Court of Appeals of the State of New York
Oct 1, 1852
6 N.Y. 567 (N.Y. 1852)

Summary

In Noyes v. Blakeman (6 N.Y. 567) the trustee was without funds, and the expenditure being necessary to protect the estate, it was held that he might charge the credit of the estate.

Summary of this case from O'Brien v. Jackson

Opinion

October Term, 1852

Charles Tracy, for the plaintiff.

E. Sandford, for Mrs. Blakeman, and her trustee.





I have sought in vain to find some ground on which to sustain the whole claim of the plaintiff in this case, regarding the defense, as most inequitable and unjust. The plaintiff's services were rendered, and disbursements were paid by him, in good faith, for the protection and preservation of what was deemed Mrs. Blakeman's separate estate, upon her promise and that of her husband of remuneration out of that estate. After she has availed herself of the benefit of those services, she has found reasons, satisfactory to herself it seems, to repudiate her promises, and for setting the plaintiff at defiance. She now interposes, as a shield against his just and equitable claim, certain provisions of the statute concerning uses and trusts; and for aught I can perceive, must prevail, as far as respects his demand for costs and counsel fees in the suits with Mrs. Bogardus, which arose without the retainer, express or implied, of her trustee.

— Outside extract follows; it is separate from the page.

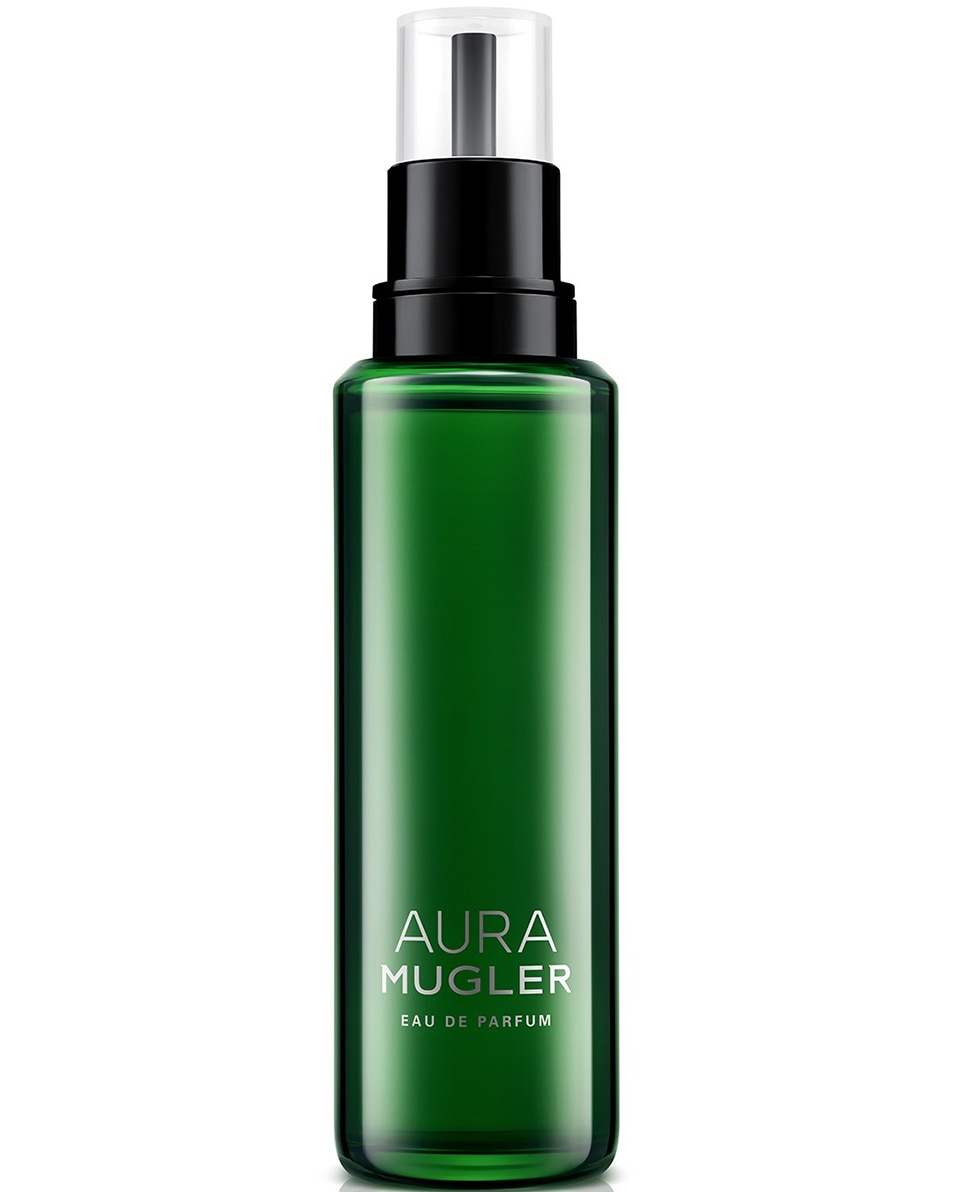 MUGLER aura HERVULBAAR EAU DE PARFUM VROUWEN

The deed of Mrs. Blakeman and her husband to Belden of her separate estate, bears date October 7, 1842, and is in trust, to pay out of the rents, income and profits, first, the interest upon certain incumbrances on the trust property; second, the taxes and assessments on the same; third, all necessary expenses incurred in needful repairs on the premises, and fourth, to pay the remainder of such rents, income and profits to Mrs. Blakeman, upon her own separate receipt, notwithstanding her coverture, to the intent and purpose, that the same or any part thereof might not be at the disposal of, or subject to the debts, liabilities or engagements of her husband, or of any future husband she might have, but at her own sole and separate use and disposal, c.; with power to Mrs. B. to dispose of the premises by last will and testament, and in default of such appointment, giving further directions in relation to the disposition of such income after her death. There are other provisions in the deed, not material to the questions in controversy.

The revised statutes concerning uses and trusts provide that "every express trust, valid as such, in its creation, except as "herein otherwise provided, shall vest the whole estate in the "trustees, in law and in equity, subject only to the execution of "the trust. The persons for whose benefit the trust is created, "shall take no estate or interest in the lands, but may enforce "the performance of the trust in equity." (1 R.S. 729, § 60.)

Section 63 of the same statute declares, that "no person beneficially "interested in a trust for the receipt of the rents and "profits of land, can assign, or in any manner dispose of such "interest."

The deed of trust in this case by force of the 60 th section, above cited, vested the whole equitable as well as the legal estate in the trustee; and all that Mrs. Blakeman the beneficiary had left, was an equitable right, which she could enforce against the trustee, but which, by the 63 d section, she is declared incapable of assigning or otherwise disposing of. It is an error therefore, it seems to me, to call this right a separate estate. It is no estate whatever. Certain duties are devolved upon the trustee which the court would require him to discharge, among which is that of paying the remainder of the income, after discharging the prior obligations, to Mrs. Blakeman. Before she receives them, she has no power of disposition of them. She could not create a lien upon them for any purpose whatever, without the co-operation of her trustee. The plaintiff cannot in any event reach them under the 57th section of the statute, for the reason that he does not stand in the relation of creditor of the cestuis que trust. He was not a creditor in the sense of that section, because Mrs. Blakeman was a feme covert, at the time of the retainers and the rendition of the plaintiff's services, and incompetent to contract a debt.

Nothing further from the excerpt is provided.